Abstract and Introduction

Related Works

Methodology

Results

Limitations and Future Works

Conclusion, Acknowledgments, and References

A Hyperparameters and Settings

B Metric: Weighted F1-Score

C Architectural Details

D Performance Benchmarking

E Contingency Table: Baseline vs. Text-STILT

4 Results

4.1 RQ1: Performance Improvement

Text-STILT was found to outperform Baseline, at a level of statistical significance. Figure 3 and Table 4 show the performance distribution of each approach, with 10 random restarts each. The Wilcoxon Signed-Rank test resulted in p-values of 0.193 and 0.0273 for Baseline vs. Image-STILT and Baseline vs. Text-STILT, respectively.

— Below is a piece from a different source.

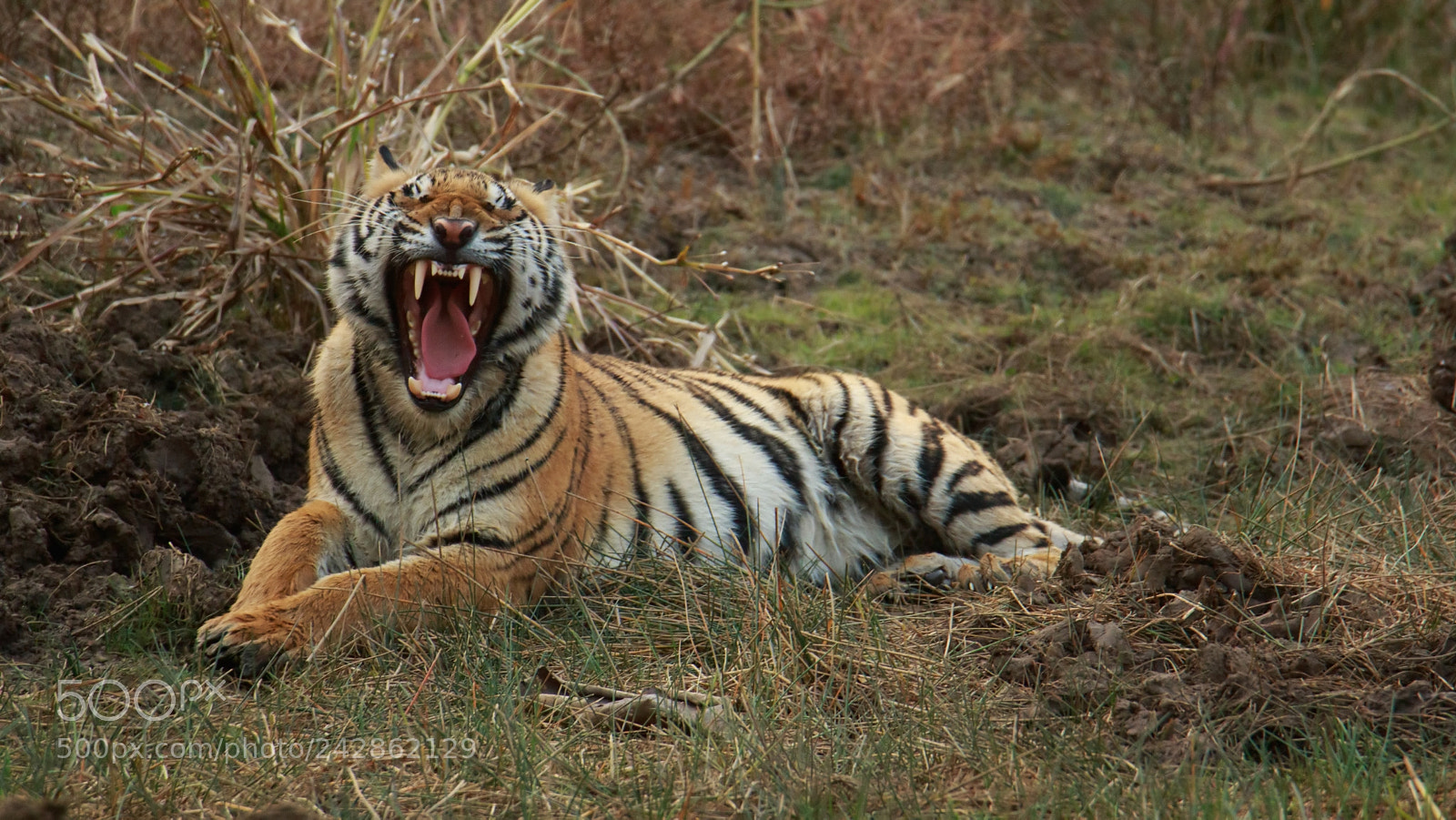 Canon EOS 7D Mark II sample photo. Tiger photography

To our knowledge, Text-STILT is the first approach to successfully incorporate supplementary unimodal data into the training of multimodal meme classifiers showing a statistically significant performance improvement. However, our results do not indicate why Text-STILT was effective. We posit that while each meme’s semantics rely on both the image and text modalities, memes that contain longer texts and/or a textual structure that hints at the meme’s overall sentiment are more accurately classified by Text-STILT (see examples in Table 5). Consider the meme in Table 5(b): While the negative component is represented visually, that is, the bottom image segment, the structure of the text “what people think... what it really is like...” strongly suggests a negative inversion of something normally considered to be positive. Thus, its negative sentiment could be inferred largely from text alone. More rigorous investigation of the relationship between text and meme sentiment analysis is warranted.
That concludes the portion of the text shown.